In May 1877, Sitting Bull led some two thousand of his people to shelter under the power of Grandmother (Queen Victoria) in her vast territory across the Canadian border. They could roam the land, with the privilege of hunting: but game was scarce. The hungry, discontented braves soon began to raid down into the Dakotas: a large group of them deserted. In the meantime, the United States government issued invitations to the Sioux in Canada to return. Sitting Bull was puzzled at these offers: he had not been welcome in the United States before. Why now—when Custer had been killed? But because it seemed to be the best thing for his people, even though his sense of logic went against it, he agreed. In July of 1881, the famous chief put himself and his band in the hands of U.S. troops at Fort Buford, Montana.

Sitting Bull was promised pardon. Instead, he soon found himself loaded onto a steamer and taken as a prisoner to Fort Randall, South Dakota. In the next two years the aging chief learned much about captivity, while his people learned about reservation life. Despite their sadness, many of them accepted government rations with satisfaction. Some allowed their children to go to agency schools. Sitting Bull pondered the changes, and mentally resisted most of them. He was suspicious of the white man’s education, sensing that this struck at the very root of the traditional way of life.

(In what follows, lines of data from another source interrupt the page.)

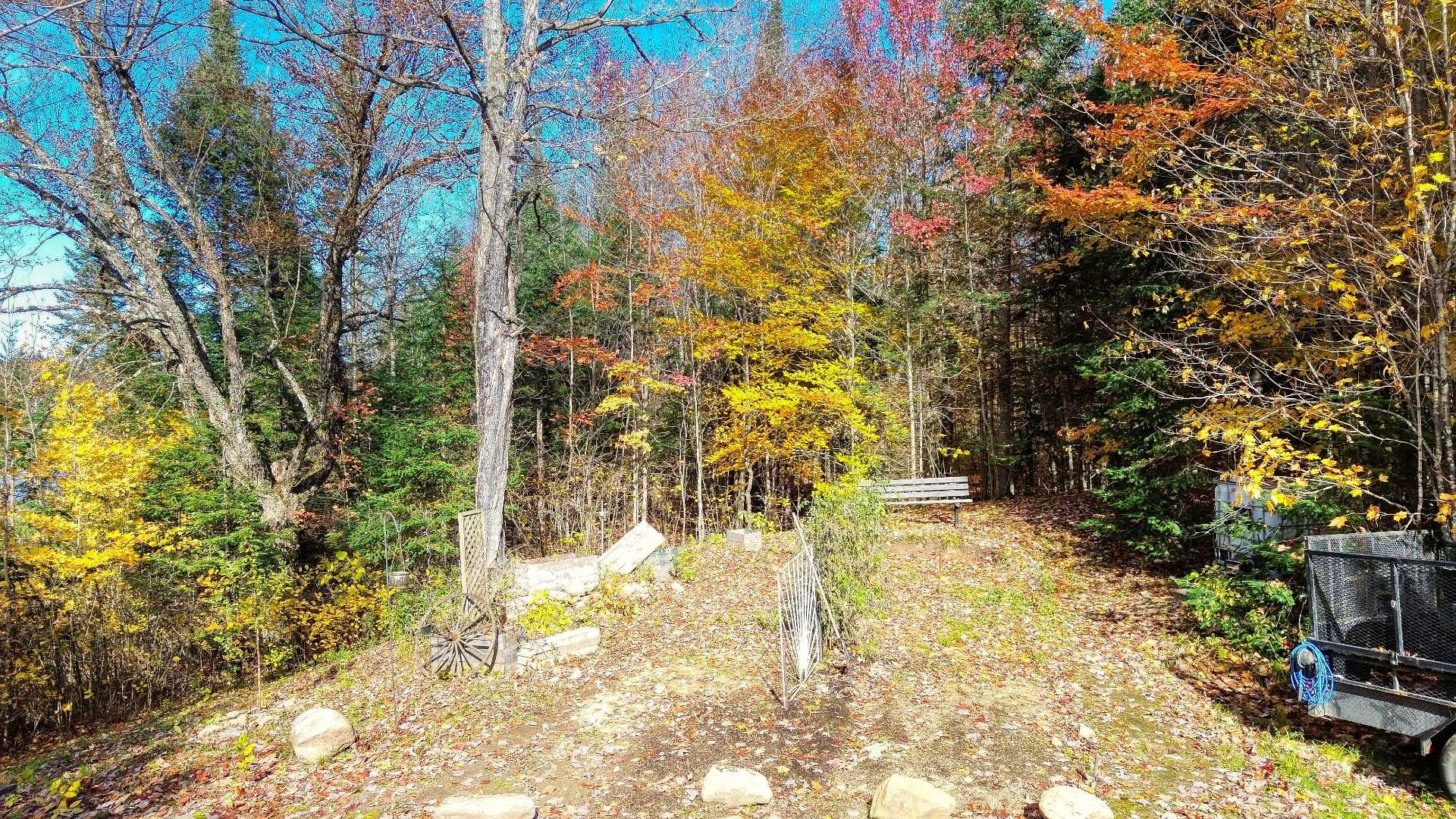 Land/Lot
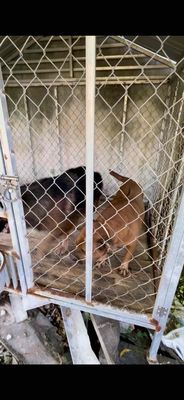 Chó Becgie Thái xoáy lưng lai Pigpun. Mua bán Chó tại Thành phố Tây Ninh Tây Ninh được đăng bởi Tieu My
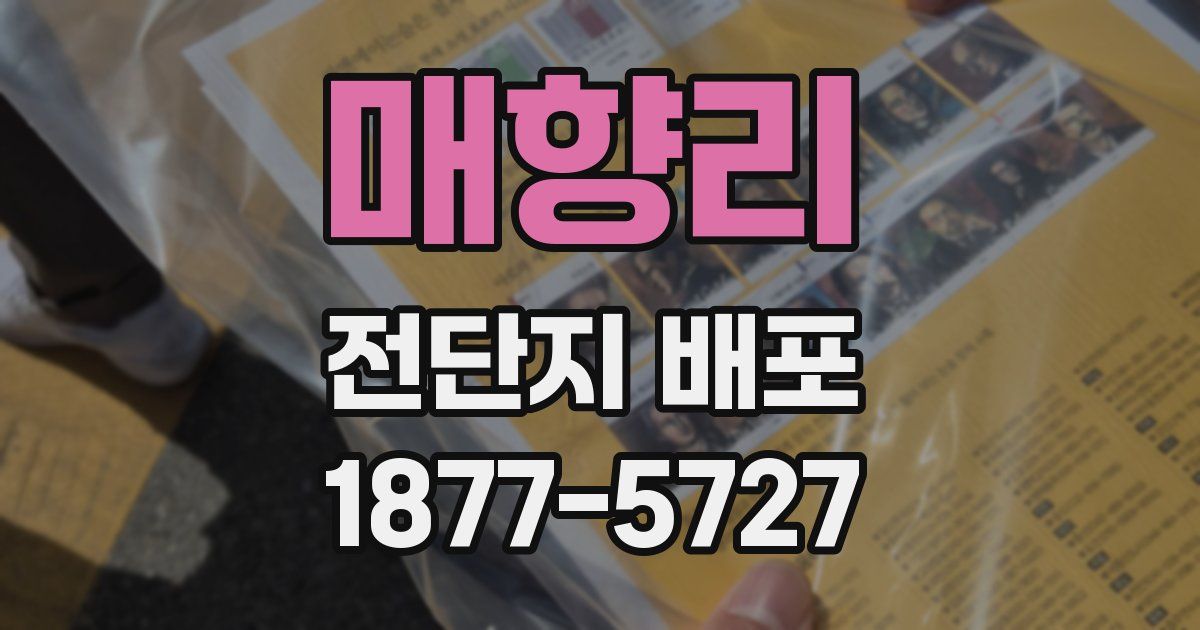 매향리 전단지 배포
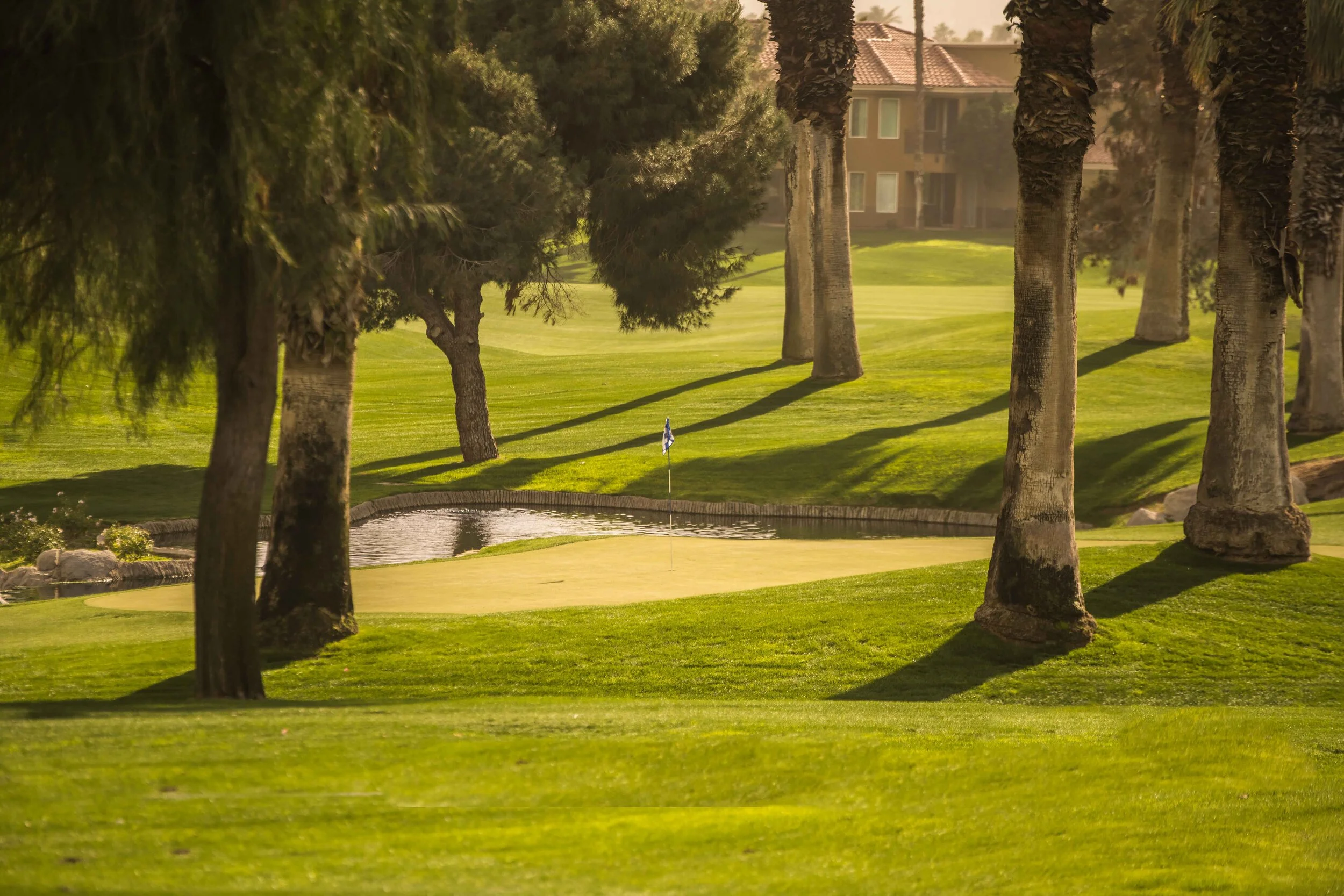 Desert Springs_43.jpg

In 1884 there came a new kind of experience for Sitting Bull. With the approval of the Secretary of the Interior, and hoping to discuss the plight of the Sioux with the President, the chief agreed to go on a travelling exhibition in the East. He was paid nothing by Colonel Alvaren Allen, the entrepreneur who organized the tour, but was allowed to sell his autograph, which was eagerly sought wherever he went. The irony of his situation was never clearer than in a Philadelphia theatre, where there happened to be an “educated” Sioux boy in the audience to appreciate it.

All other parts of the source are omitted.